Records supplied section start

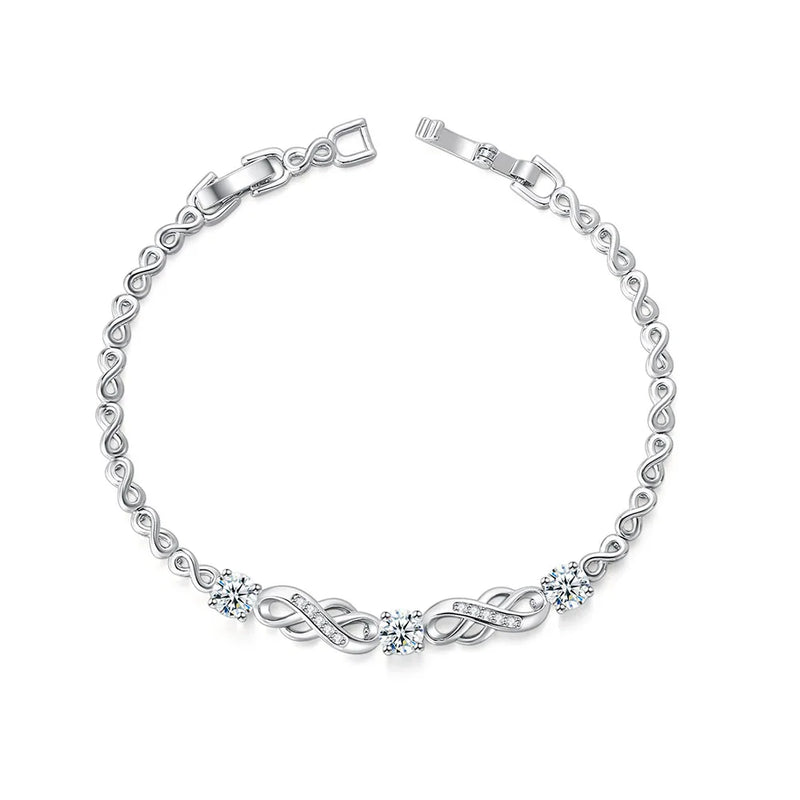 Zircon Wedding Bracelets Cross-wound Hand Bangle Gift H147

Records supplied section end
Records supplied section start

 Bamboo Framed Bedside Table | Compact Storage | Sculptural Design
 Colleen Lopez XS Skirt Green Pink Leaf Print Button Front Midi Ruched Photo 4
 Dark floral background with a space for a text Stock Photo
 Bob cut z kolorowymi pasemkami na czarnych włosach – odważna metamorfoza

Records supplied section end
Records supplied section start

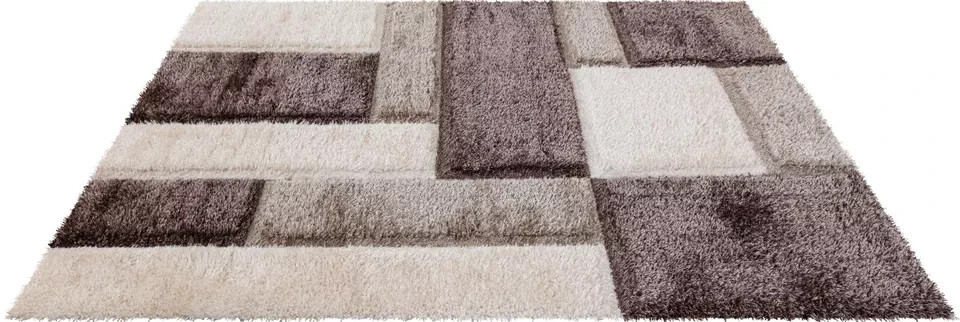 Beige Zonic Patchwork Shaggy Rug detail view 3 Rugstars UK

Records supplied section end

▸ Exercise goal
How many lines of the entries include the string "Photo"? Answer with a number and no other words.

▸ Result of the task
2